Martha scowled at that, but didn’t say anything. I didn’t have to remind her that she had waited until two weeks after the deadline to apply, and wouldn’t have gotten in, despite her impressive reputation, if the committee hadn’t been short on applicants and eager not to offend her. I thought she should be happy with what the committee had given her—two bathrooms and the laundry room. Not the most glamorous rooms in the house, but still, rooms that could be fabulous when done by a designer with her talent. In the five years since she’d moved from Richmond to set up shop here in Caerphilly, she’d quickly become one of the town’s leading decorators.
But even though she was well on her way to making her rooms fabulous, I knew she was still angry that the committee had accepted Clay. Not just because they’d given him the master suite, which she thought should have been hers. There was bad blood between the two of them. I’d figured out that much. Maybe I should find someone who could tell me why.
But not right now, with Jessica drinking in every word and occasionally snapping off a few shots with the little camera, whose whirring and clicking was starting to get on my nerves.
“You can’t let Clay keep ruining our work like this,” Martha said. “Unless you want a half-finished, paint-spattered mess on opening day.”
“Agreed,” I said. “I’ll go inspect the damage, and then I’ll talk to him.”
I strode out into the foyer and started up the stairs, walking as calmly and deliberately as I could.

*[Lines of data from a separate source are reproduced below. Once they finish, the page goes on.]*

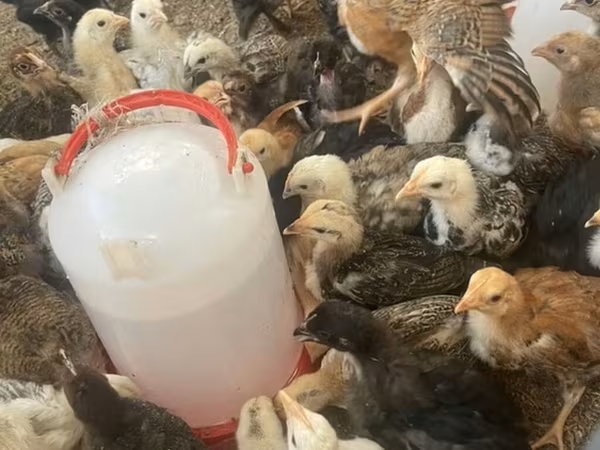 Chickens — Kirguistán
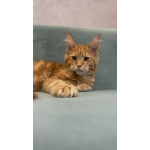 Котята мейн-кун в иркутске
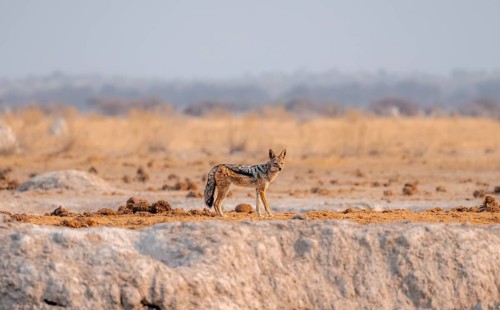 Black-backed jackal (Canis mesomelas) at a waterhole, Nxai Pan National Park, Botswana, Africa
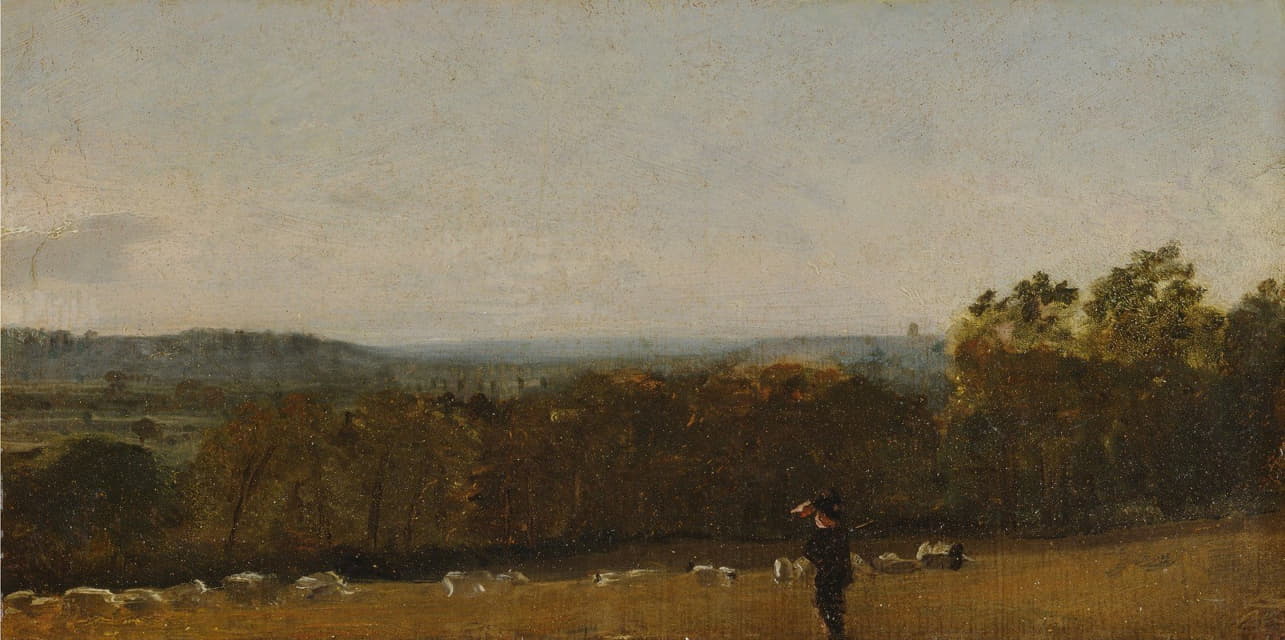 一个牧羊人在一片风景中望着德德姆谷对面的兰厄姆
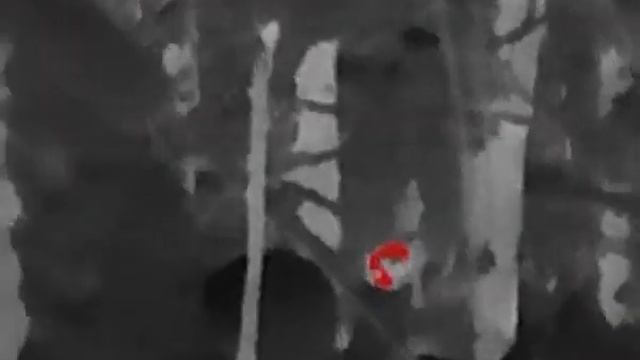 Hikmicro LYNX PRO LE15 Берлога под метровым слоем снега смотреть онлайн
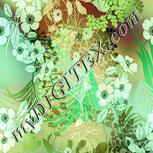 Colour:K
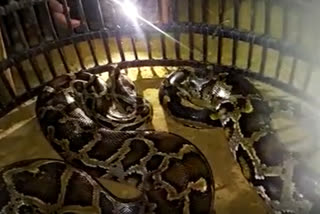 python rescued in teok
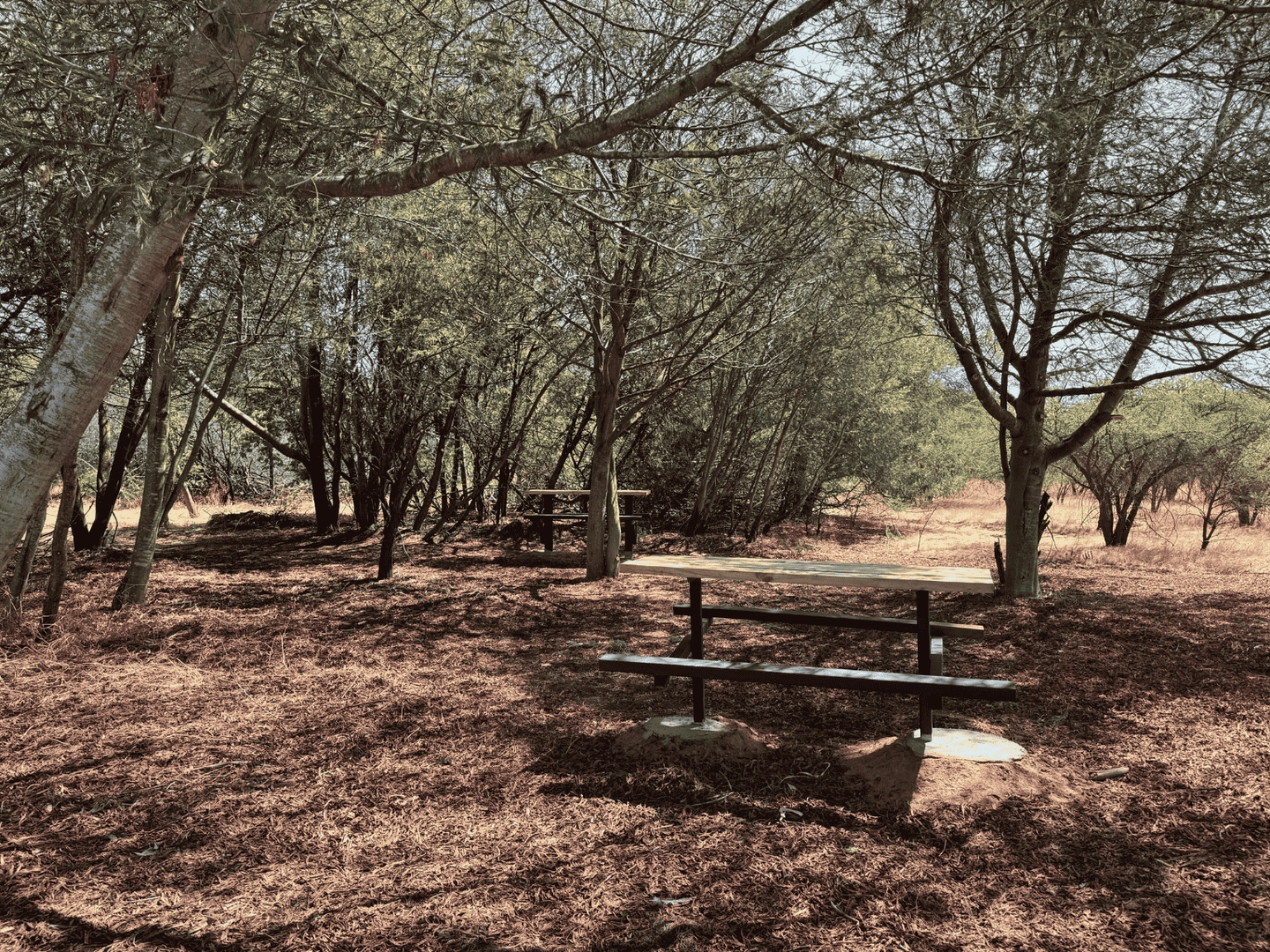 Reserva Nacional Lago Peñuelas - Sendero Los Coipos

Martha and Jessica followed. Upstairs, to my relief, the hammering had stopped.
At the top of the stairs, to my right, I could see the open double doors to the master suite. When I was a few steps from the top, Clay Spottiswood stuck his head out.
“Where’s my package?” he asked. “I’m expecting a package.”
“Not happy with all the packages you’ve stolen from the rest of us?” Martha snapped.
“Stop blaming me for the packages,” Clay said. “I’ve lost packages just like the rest of you.”
He had—or at least claimed he had—and he’d probably spent more time complaining to me than all the rest of the designers put together.
I ignored both Martha and Clay and turned left. I could see spots of blood-red paint on the tarp covering the hall floor. And a few spots on the walls, where Ivy, the trompe l’oeil artist, was painting an elaborate mural of the Twelve Days of Christmas.
Had this, rather than paint fumes, stress, and eyestrain, caused the headache Ivy had gone home with?
I heard the whirring and clicking of Jessica’s camera. Well, okay. Document the damage.
I entered Violet’s room, which she was decorating in what Mother called “Early Disney Princess.” Her room was so over-the-top that Mother and I sometimes called her “Princess Violet,” though the name was a bit incongruous for a small and rather mousy-looking woman of around thirty. Everything in her room was in pink, white, and lavender. White-painted furniture. Wallpaper with pink and lavender floral garlands on a white background. Matching fabric on the twin bed and the half canopy over it. Pink and lavender decorations on the white-painted built-in bookshelves. A cluster of pink, white, and lavender stuffed animals and pillows on the bed.